Gośćmi Sylwestra Pięty byli Jacek Fopke, radny gminy Żukowo, Ryszard Kalkowski, wójt gminy Szemud i Piotr Michalski z Gdańskiego Oddziału Generalnej Dyrekcji Dróg Krajowych i Autostrad.
– W bezpośrednim sąsiedztwie Trójmiasta prac budowlanych może jeszcze nie widać, ale jesteśmy teraz w pobliżu miejscowości Koleczkowo, gdzie budowany jest duży węzeł i widać już ściągnięcie zewnętrznej warstwy ziemi, widać ciężki sprzęt budowlany – mówił Piotr Michalski.
– W kwestii tej drogi głosy są podzielone – mówił Ryszard Kalkowski. – Byłby to ogromny skrót i to jest to, na co wszyscy czekają. Rzeczywiście, droga przebiega blisko domostw, ale myślę, że projekt został bardzo dobrze skonsultowany. Wariantów było dużo, mieszkańcy już do tej myśli o nowej trasie się przyzwyczaili i tej drogi po prostu chcą. Są też tacy, którzy są przeciwnikami, ale to jak przy każdej inwestycji – mówił.

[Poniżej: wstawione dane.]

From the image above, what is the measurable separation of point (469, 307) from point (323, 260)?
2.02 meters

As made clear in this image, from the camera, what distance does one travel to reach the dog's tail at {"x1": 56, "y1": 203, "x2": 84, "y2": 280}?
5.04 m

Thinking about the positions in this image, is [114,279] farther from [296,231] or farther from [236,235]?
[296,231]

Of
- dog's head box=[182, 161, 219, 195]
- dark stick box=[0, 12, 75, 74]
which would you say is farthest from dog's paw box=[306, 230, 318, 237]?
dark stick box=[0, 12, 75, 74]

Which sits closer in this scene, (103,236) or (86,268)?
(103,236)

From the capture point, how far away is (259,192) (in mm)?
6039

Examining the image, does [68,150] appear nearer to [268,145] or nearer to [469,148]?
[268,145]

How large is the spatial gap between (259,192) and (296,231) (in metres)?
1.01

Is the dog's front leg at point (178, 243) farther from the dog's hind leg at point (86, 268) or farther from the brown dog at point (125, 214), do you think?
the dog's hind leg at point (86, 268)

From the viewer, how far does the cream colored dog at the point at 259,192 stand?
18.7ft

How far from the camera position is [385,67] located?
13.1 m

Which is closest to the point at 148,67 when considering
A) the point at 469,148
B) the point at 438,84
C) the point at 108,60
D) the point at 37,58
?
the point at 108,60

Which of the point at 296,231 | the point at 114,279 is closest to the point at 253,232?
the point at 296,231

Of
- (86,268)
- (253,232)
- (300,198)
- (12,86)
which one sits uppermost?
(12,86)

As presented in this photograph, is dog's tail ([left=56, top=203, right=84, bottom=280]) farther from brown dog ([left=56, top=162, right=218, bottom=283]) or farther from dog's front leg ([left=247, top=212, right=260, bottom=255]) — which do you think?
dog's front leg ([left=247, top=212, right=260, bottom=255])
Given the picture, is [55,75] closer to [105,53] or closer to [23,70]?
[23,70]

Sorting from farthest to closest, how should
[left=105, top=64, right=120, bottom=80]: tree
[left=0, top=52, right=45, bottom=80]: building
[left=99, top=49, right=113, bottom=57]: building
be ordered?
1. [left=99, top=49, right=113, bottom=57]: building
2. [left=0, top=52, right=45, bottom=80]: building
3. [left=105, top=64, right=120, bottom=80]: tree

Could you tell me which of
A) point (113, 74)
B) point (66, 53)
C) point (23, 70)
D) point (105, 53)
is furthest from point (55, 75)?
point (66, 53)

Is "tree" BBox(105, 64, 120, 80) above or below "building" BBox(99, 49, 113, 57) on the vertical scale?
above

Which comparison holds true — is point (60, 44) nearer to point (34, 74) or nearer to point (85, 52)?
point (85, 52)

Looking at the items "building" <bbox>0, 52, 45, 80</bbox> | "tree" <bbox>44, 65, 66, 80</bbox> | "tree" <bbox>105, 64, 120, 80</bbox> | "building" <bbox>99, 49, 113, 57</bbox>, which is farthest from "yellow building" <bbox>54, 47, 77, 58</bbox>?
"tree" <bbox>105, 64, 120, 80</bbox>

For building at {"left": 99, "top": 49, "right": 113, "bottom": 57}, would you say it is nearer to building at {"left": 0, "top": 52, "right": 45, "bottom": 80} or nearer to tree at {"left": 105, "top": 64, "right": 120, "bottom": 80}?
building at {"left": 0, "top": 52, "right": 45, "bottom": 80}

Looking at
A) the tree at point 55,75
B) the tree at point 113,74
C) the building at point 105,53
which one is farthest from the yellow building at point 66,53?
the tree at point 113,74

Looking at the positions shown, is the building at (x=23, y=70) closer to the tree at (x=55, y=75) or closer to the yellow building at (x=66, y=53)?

– Z perspektywy Chwaszczyna i całej gminy Żukowo można powiedzieć: w końcu ta inwestycja startuje – mówił Jacek Fopke. – To jest początek budowy kolejnych dróg ekspresowych, mam tu na myślę Obwodnicy Metropolii Trójmiejskiej oraz mam nadzieję, w przyszłości ulicy Kielnieńskiej w kierunku Sopotu. Ten węzeł będzie miał ogromne znaczenie – mówił.